The San Francisco 49ers made waves earlier this week when backup running back Jordan Mason said he knew he would start since the previous Friday, despite the 49ers officially classifying Christian McCaffrey as questionable as late as Monday.
Kyle Shanahan, head coach of the 49ers, clarified that Jordan Mason was not told he would start on Friday, but rather that he would likely have a larger role than his usual sideline presence.
Regardless, many have called for the NFL to investigate and sanction San Francisco for cheating: by leaving the door open for a significant player to participate, the Niners allegedly generated unnecessary additional labour and confusion for the opposition New York Jets until the eleventh hour.
Despite the league’s claim that they did not intend to investigate the topic, it appears that the NFL conducted an informal, internal check and publicized their findings, according Ian Rapaport.
The San Francisco 49ers were cleared of wrongdoing by the NFL.
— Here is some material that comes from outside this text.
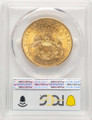 1904 $20 Liberty Gold Double Eagle PCGS MS65 coin back image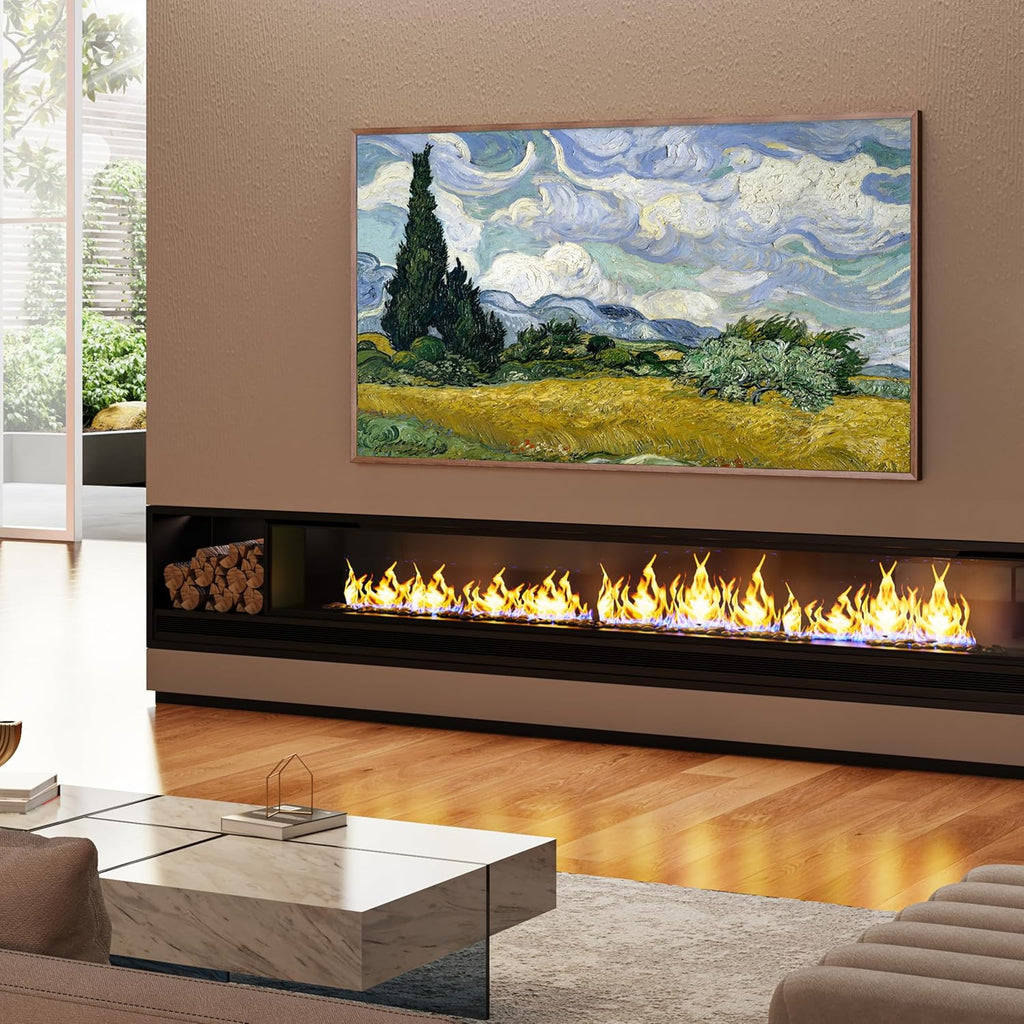 Hisense 75-Inch Class QLED 4K S7N CanvasTV Series Dolby Vision HDR Google Smart TV (75S7N, 2025 Model) - 144Hz, Art Mode, Anti-Glare Panel, Hi-Matte Display, UltraSlim Wall Mount & Frame Included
The first difficulty may be the length of the “investigation” or “looking into”. Granted, it is not a serious, next-level infraction, but it does feel like manipulating the injury report to intentionally classify a player as questionable knowing he will almost certainly not play; this is why we have injury classifications in the first place.
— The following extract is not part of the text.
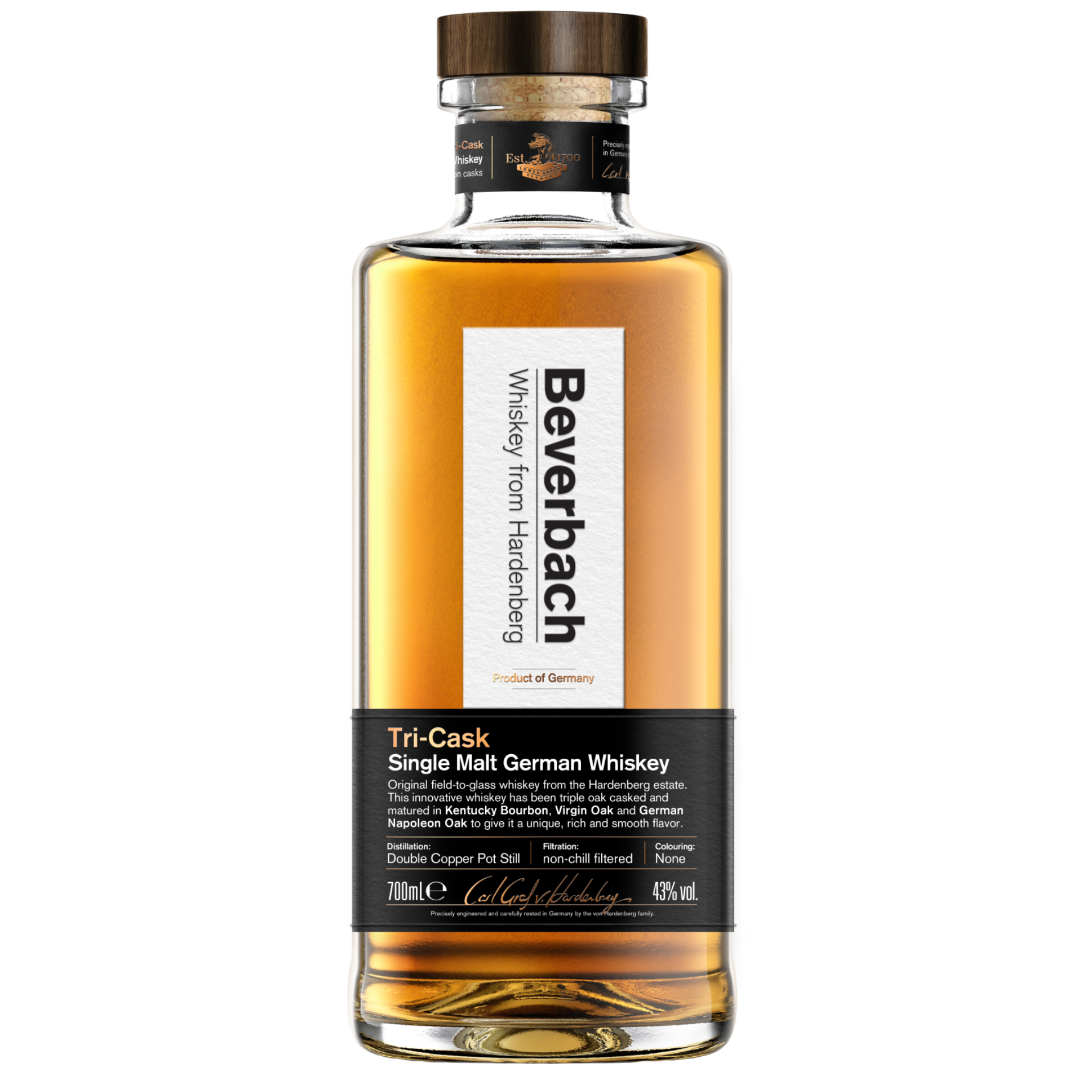 Beverbach Tri-Cask Single Malt Whiskey 43% 0,7l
This is similar to what happened last season, when Cincinnati Bengals quarterback Joe Burrow broke his wrist against the Baltimore Ravens in Week 11. It was later revealed that the Bengals quarterback had a chronic ailment previous to the game that had not been mentioned, causing fury in the gambling community, with many demanding refunds for bets placed on Cincinnati without prior knowledge.
Cincy was absolved of wrongdoing once more, but it appears that the issue has been brought to the forefront, and the NFL will have to deal with it sooner or later.
Are the Green Bay Packers copying the 49ers’ risky strategy?
In a stunning move, the Packers are designating starting quarterback Jordan Love, who briefly became the highest-paid quarterback in the NFL, as “questionable” despite suffering a damaged MCL at the end of their Week 1 game against the Philadelphia Eagles.
The return time for this is typically 3-6 weeks; while Green Bay has been confident from the start that Love’s recovery time will be on the shorter end of that spectrum, coming back after an MCL sprain in just over a week is almost unheard of, and it is a risky move to pull for only the second game of a long regular season.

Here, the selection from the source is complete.